Still, 5000 anythings is enough for many departmental reporting scenarios.
To James’ point, any middleware based on postgres automatically gets the ability to manage 5K connections.
The interesting point here is whatever traction Paraccel gets through AWS. If it is able to finally seed a market, that may create critical mass where currently all the other Actian tools, except ingres and pervasive – the non-column ones, don’t.
It would take some big investment to create a more robust product…. For example taking the vectorwise optimization (supposedly better that paraccel until queries get complex) with the scale out in paraccel. It would take more, and time, to get this into some leadership role.
So – sell to IBM or Dell?
I’m skeptical of Paraccel being able to seed much of a market through AWS. We’ve already had people contacting us with problems that arise out of the ancient version of Postgres that it is built on. Not that the price point of the service isn’t compelling, but unless they are willing to put some money into development, I think there is going to be a strong need for people to develop tools to work around those deficiencies, which we have yet to see redshift users be willing to invest in.

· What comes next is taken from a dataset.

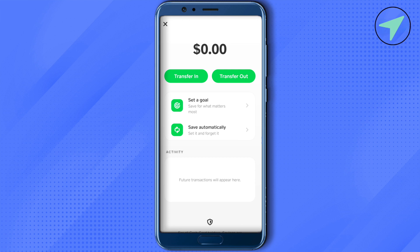On savings you get two different options. You can set a particular goal where you add money in order to achieve that goal, or you can set an automatic way where whenever you spend some money using your Cash App card, some amount will be deducted automatically and added to your savings.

Has anyone noticed that Chuck Berger, former CEO of ParAccel already started a new job as CEO of Extreme Networks on the day of the announcement? I hear he got a nice golden parachute in this deal. Way to go Chuck, no need to go down with the ship captain!
As per http://www.dbms2.com/2012/12/09/amazon-redshift-and-its-implications/, what Amazon is “seeding” the market with is a stripped down version of ParAccel that doesn’t carry over well to other deployments. It doesn’t have ParAccel’s proprietary extensions; it doesn’t have ParAccel’s performance profile; switching from it to ParAccel will be almost as hard as switching from it to any other analytic RDBMS.
I doubt VectorWise has a superior optimizer to ParAccel in any significant way.
It has superior single-node execution, perhaps, due to the vectorization it’s named after. But integrating that into ParAccel would be a bear, and Actian to my knowledge isn’t even suggesting the integration will happen.
Re concurrency, I must admit I don’t know of or recall any seriously concurrent ParAccel OR VectorWise users. So I’m just speculating about that part.